Captioned web image data:
[Start of section]
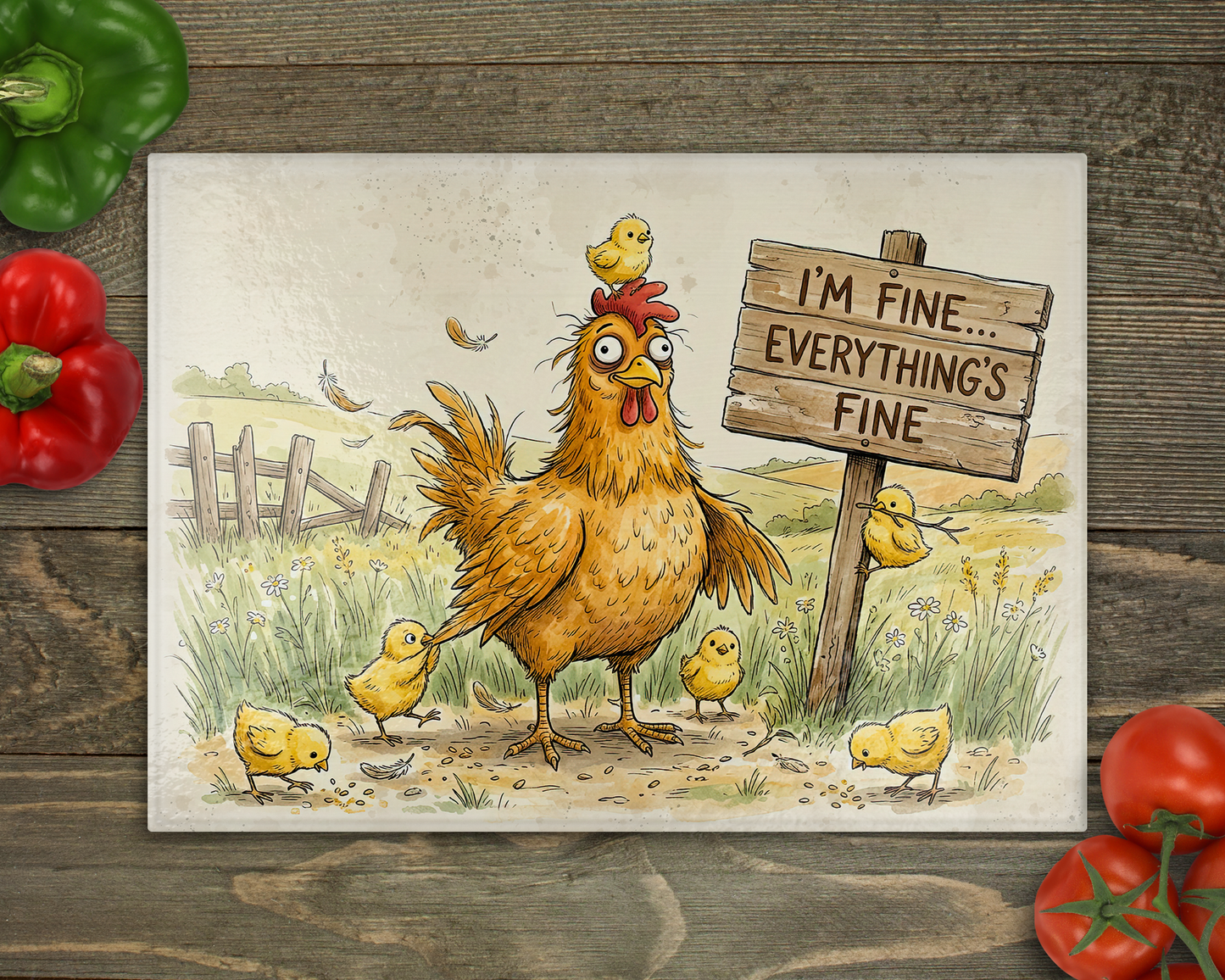 Chickens Fine Glass Cutting Board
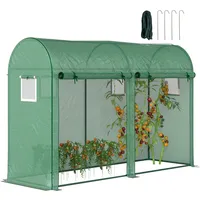 Gewächshaus Mit Fernster, Tür, Foliengewächshaus Aus Stahl, Treibhaus Mit Pe-gitterfolie Für Balkon, Garten, Tomatenhaus 300x100x200cm, Tomatengewächshaus Für Gemüse, Blumen, Pflanzen, Grün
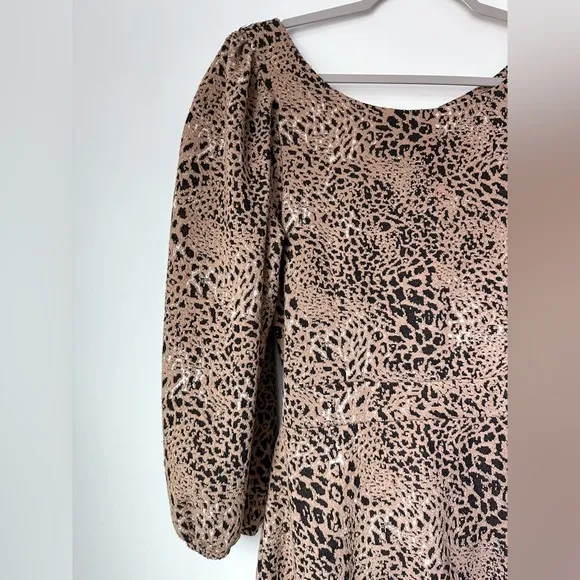 Maeve by Anthropologie Ruffle Leopard Cutout Back Flounce Dress Ruffle Brown 12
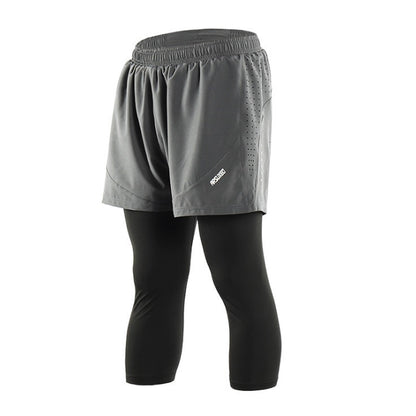Men's 2 in 1 running shorts with reflective logo
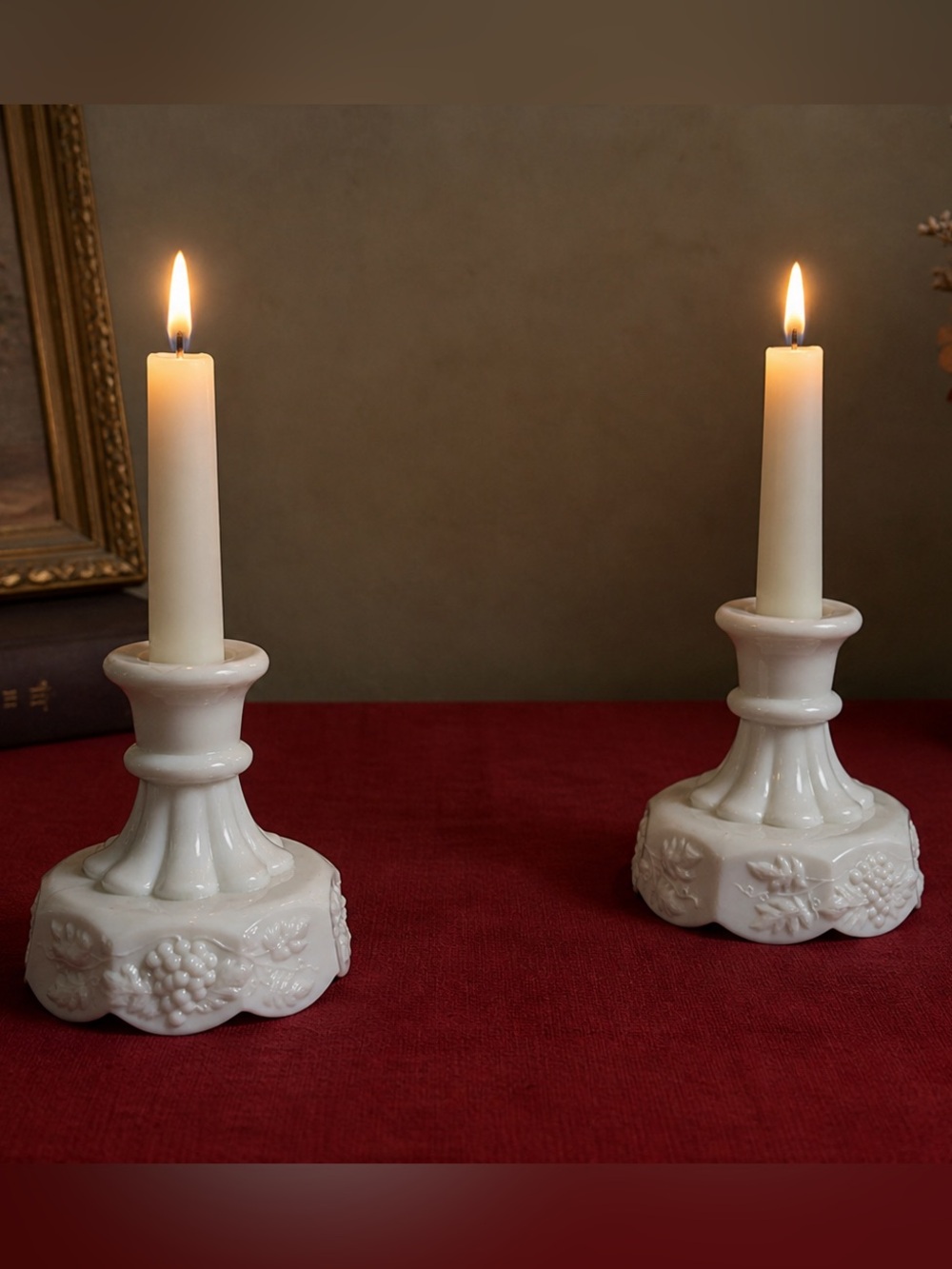 Vintage White Westmoreland Milk Glass Candle Stick Holders- Paneled Grape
[End of section]
When you reach the line containing "Men's 2 in 1" in the entries above, please retype it and each line after it through the last one, exactly, without the pictures.

The answer:
Men's 2 in 1 running shorts with reflective logo
 Vintage White Westmoreland Milk Glass Candle Stick Holders- Paneled Grape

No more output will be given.